_Records:_
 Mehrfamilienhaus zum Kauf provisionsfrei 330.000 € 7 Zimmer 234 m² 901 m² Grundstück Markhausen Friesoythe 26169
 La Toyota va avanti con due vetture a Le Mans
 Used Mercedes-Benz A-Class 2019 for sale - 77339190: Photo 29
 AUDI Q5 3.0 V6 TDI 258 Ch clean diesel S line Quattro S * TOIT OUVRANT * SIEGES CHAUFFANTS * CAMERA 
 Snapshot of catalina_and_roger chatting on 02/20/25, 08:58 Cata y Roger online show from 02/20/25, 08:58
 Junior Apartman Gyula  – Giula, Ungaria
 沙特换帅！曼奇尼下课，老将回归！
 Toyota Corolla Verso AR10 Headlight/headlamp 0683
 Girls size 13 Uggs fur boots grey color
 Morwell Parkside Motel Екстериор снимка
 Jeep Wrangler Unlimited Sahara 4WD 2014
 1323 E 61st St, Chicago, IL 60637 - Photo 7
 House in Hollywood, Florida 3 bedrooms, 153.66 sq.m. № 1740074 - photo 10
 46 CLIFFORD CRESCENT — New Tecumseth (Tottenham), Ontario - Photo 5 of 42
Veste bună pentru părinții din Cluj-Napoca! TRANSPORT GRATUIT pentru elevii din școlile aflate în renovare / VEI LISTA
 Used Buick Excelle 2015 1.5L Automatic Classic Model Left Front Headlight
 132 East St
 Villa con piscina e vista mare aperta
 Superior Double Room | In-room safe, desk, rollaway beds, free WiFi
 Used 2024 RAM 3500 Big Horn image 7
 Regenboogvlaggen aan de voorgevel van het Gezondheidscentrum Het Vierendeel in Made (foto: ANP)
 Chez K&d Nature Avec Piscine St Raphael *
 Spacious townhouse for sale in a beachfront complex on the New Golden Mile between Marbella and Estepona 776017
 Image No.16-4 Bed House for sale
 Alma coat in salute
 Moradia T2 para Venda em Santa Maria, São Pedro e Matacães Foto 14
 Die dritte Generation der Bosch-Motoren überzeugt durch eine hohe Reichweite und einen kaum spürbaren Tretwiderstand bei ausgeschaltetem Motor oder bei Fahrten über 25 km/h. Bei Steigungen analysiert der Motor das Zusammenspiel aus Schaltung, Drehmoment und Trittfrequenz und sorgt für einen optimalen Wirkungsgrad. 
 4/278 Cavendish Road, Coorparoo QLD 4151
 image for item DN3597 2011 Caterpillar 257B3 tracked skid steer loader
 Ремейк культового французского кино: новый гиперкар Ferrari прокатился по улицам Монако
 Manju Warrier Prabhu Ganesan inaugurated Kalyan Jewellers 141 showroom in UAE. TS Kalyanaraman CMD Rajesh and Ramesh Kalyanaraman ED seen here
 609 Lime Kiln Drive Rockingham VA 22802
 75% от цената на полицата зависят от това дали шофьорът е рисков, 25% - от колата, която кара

_Work task:_ The expected result is a copy of each line in the records where "Toyota" appears.

_Exercise answer:_
 La Toyota va avanti con due vetture a Le Mans
 Toyota Corolla Verso AR10 Headlight/headlamp 0683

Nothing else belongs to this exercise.